With five full features and more on the way, horror franchise The Conjuring is hoping to achieve for demonic dolls and creeping horrors what Marvel and DC have done for caped crusaders — instead of the endlessly interchangeable sequels (and victims) of '80s slasher films, director/producer James Wan and company hope to build up an entire cinematic universe of interconnected terror, exploring and deepening characters' stories. The latest outing is The Nun, exploring the origins of the terrifying entity that's haunted psychic investigators the Warrens since The Conjuring 2. And in case you're in the mood for a refresher, here is how to stream The Conjuring 2 before you see The Nun to prepare yourselves for the Conjuring universe's latest.

To understand the entire series, it's best to start at the beginning. The Conjuring, the film that started it all, is currently available to stream on Netflix. The film introduces audiences to Ed and Lorraine Warren, a married couple who work together as paranormal investigators and demonologists, as they take on the haunting of a Rhode Island farmhouse by a malevolent witch spirit. It isn't their first case, as the couple are shown dealing with evil doll and Conjuring fan favorite Annabelle before moving on to the Perron family's problems, and certainly indicates it won't be their last, as their music box memento of exorcism begins playing on its own.

Ed and Lorraine Warren are real people whose extrasensory exploits inspired numerous films, including The Amityville Horror and its many sequels. Though Ed passed on in 2006, Lorraine still speaks regularly at conferences about her and her husband's encounters with the supernatural, and as director James Wan told i09, when filming the first movie featuring The Nun, The Conjuring 2, he explicitly based the frightening character on conversations he'd had with Lorraine.

"From talking to [the real] Lorraine in passing, she mentioned a spectral entity that has haunted her in her house...Because it is a demonic vision that haunts her, that only attacks her, I wanted something that would attack her faith. Something that would threaten the safety of her husband. And so that was eventually how the idea of this very iconographic image of a holy icon cemented in my head."

The Nun was the last element of the film to come together; in the same interview Wan said he was "saving" creation of what became The Nun for reshoots, as he hoped to discover what the demon would look like through putting the movie itself together. The film offers the surprise twist that the spirit of an old man the Warrens thought was causing trouble was only a pawn of the demonic nun spirit, herself an iteration of the demon Valak. The film is currently available to rent or buy through any number of streaming services for your devotional-dread viewing, including Apple, Google Play, Amazon, Fandango Now, Vudu, and YouTube. (All available to rent or buy.)

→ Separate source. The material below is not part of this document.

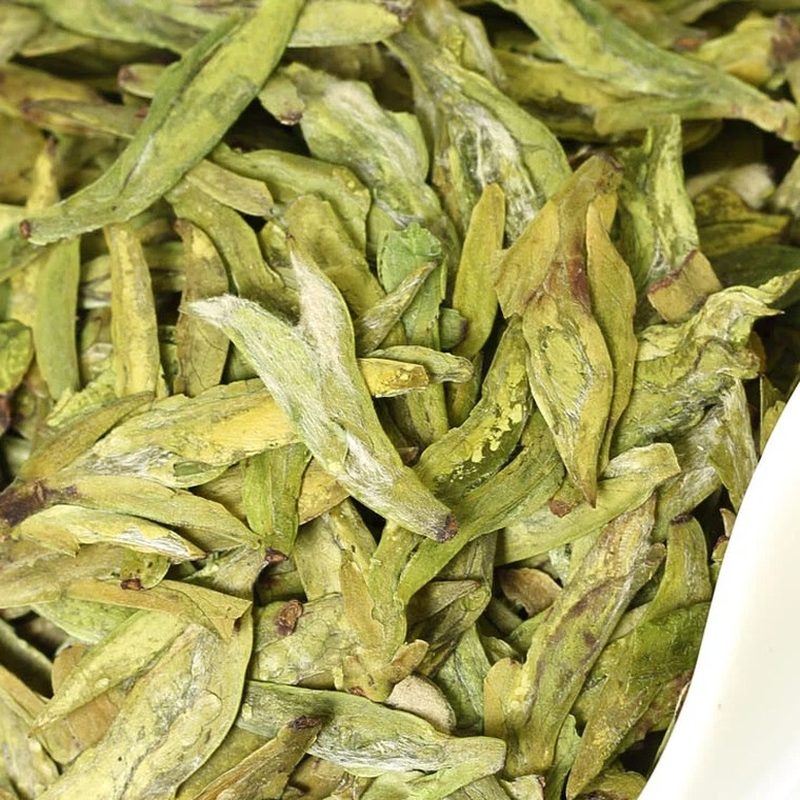 明前龙井绿茶 扁平挺直 散装干茶 细节图2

The Nun/Valak's next appearance is chronologically her earliest — coming full-circle from the original Conjuring's depiction of the case's resolution, the tail end of Annabelle: Creation cuts to a Romanian monastery in 1952 — the demon nun slowly walking down a candle-lit aisle snuffing each one out as she passes.

That leads up to The Nun proper - the featurette below places the film's 1952 setting as the earliest in the entire Conjuring universe, and hints that the demon has plenty more in store than later terrorizing the Warrens. In the film, a young novitiate nun and priest with a dark past investigate another nun's suicide at the Romanian monastery, and confront an evil that threatens their very souls. While the plot (so far as we know) isn't directly connected to other Conjuring films save for The Nun, the movie has some deep off-screen interconnections binding them to the universe. Taissa Farmiga, no slouch in the scare scene with her American Horror Story appearances, is sister of The Conjuring and Conjuring 2 star Vera Farmiga (not that it helped her get the role; quite the opposite). And though he wasn't slated to direct, Wan picked up the camera to assist on The Nun's filming himself, making this latest installment another star in the Conjuring firmament.